Tシャツ ¥14,040(税込・参考価格)、パンツ ¥43,200(税込)/ともにトムウッド(ステディ スタディ TEL:03-5469-7110)
上の写真2点は、「トムウッド」のスタイリッシュなイメージビジュアル。これらの写真も、必要最小限の要素で構成されたシンプルな世界です。この数年で、クセのある服を重ね着し、音楽カルチャーと若さを前面に押し出す、ストリートに急接近するブランドが増えてきました。この流れに迎合せず、着る人を美しく見せることに力を注ぐ「トムウッド」の方向性に、賛同する人は少なくないでしょう。

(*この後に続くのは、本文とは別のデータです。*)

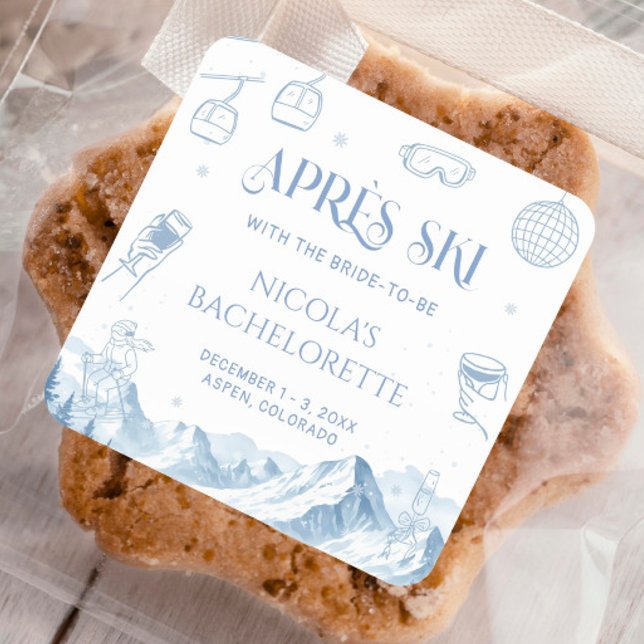 Winter Apres Ski Bachelorette Party Square Sticker (Creator Uploaded)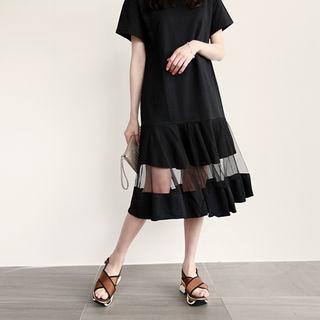 Ruffled Mesh-hem Midi T-shirt Dress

最後に掲載するのは、「トムウッド」のアイコニックなシルバーリング。これもまた、ミニマルなデザインです。このリングはシルバーのみのタイプですが、トップに天然石を配したタイプも数多く展開されており、各国のセレブリティをはじめ多くの人を虜にしています。
2013年にスタートした「トムウッド」の中で、デニムラインは日本での展開店がまだ限られています。彼らの海外オンラインサイトで購入することもできますので、興味を惹かれた方は、アクセスしてみてはいかがでしょうか?